Imagining a Better Future by Re-imagining the Past

Saturday, November 9, 2013

Henry A Wallace: Practical Mystic

"Wallace is among the most genuinely learned men in American public life since Benjamin Franklin and Thomas Jefferson." Paul Sifton, Library of Congress historian 

 

Henry A. Wallace, FDR’s first Vice-President and later presidential candidate for the Progressive Party, though a devout Christian (he was raised Presbyterian and in 1939 joined the Episcopal Church) also had complex views on religion. Around 1919, Wallace left the Presbyterian Church and began exploring various esoteric systems. He once said, "I know I am often called a mystic, and in the years following my leaving the United Presbyterian Church I was probably a practical mystic ... I'd say I was a mystic in the sense that George Washington Carver was – who believed God was in everything and therefore, if you went to God, you could find the answers." While not a Theosophist, he was influenced by theosophical ideas. In 1925, he helped organize a Des Moines parish of the Liberal Catholic Church, an inclusive Christian denomination with ties to theosophy. He was also friends with the Theosophist poet and artist George William Russell.

It was Wallace, a Freemason, who encouraged FDR to have both sides of the Great Seal placed on the One-Dollar bill.

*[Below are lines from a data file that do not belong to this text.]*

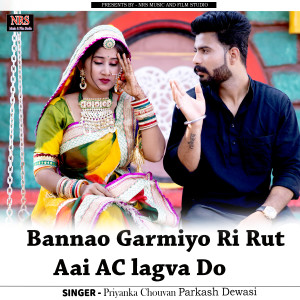Album Bannao Garmiyo Ri Rut Aai AC lagva Do from Priyanka Chauhan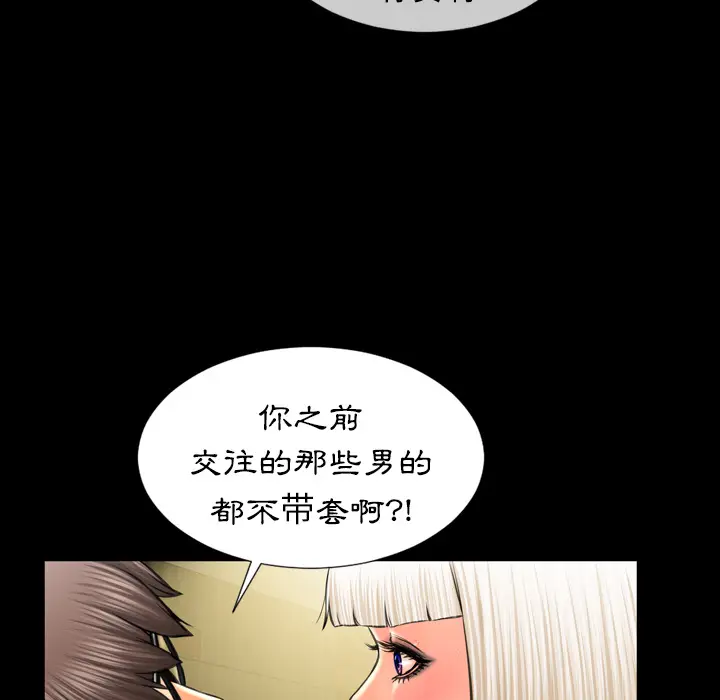 S商店的她[顶通]韩漫全集-第8话无删减无遮挡章节图片 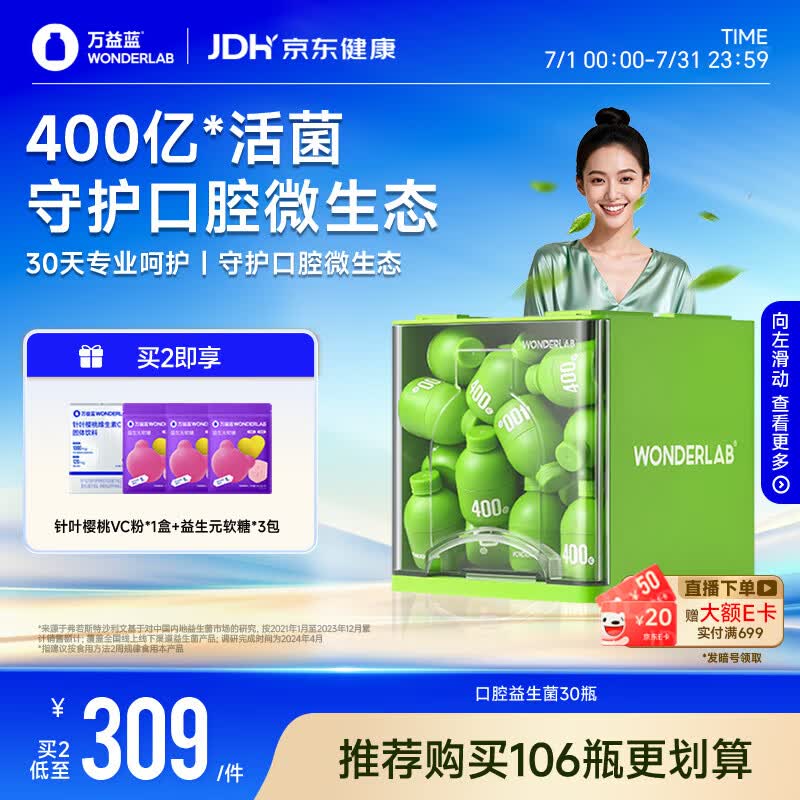 万益蓝WONDERLAB 口腔益生菌儿童孕妇成人口香炮弹 口臭口气清新 30瓶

Through the encouragement of Wallace, the FDR administration sent an exhibition to Mongolia to search for the mythical city of Shambhala. However, it’s believed that President Franklin Roosevelt thought the exhibition was for botanical reasons. ’s administration was pregnant with Occultists and members of Secret Societies. Unfortunately, during the election of 1948, the press used his involvement in the Shambhala exhibition and his reputation as being interested in esoteric studies to smear his name and to derail his campaign.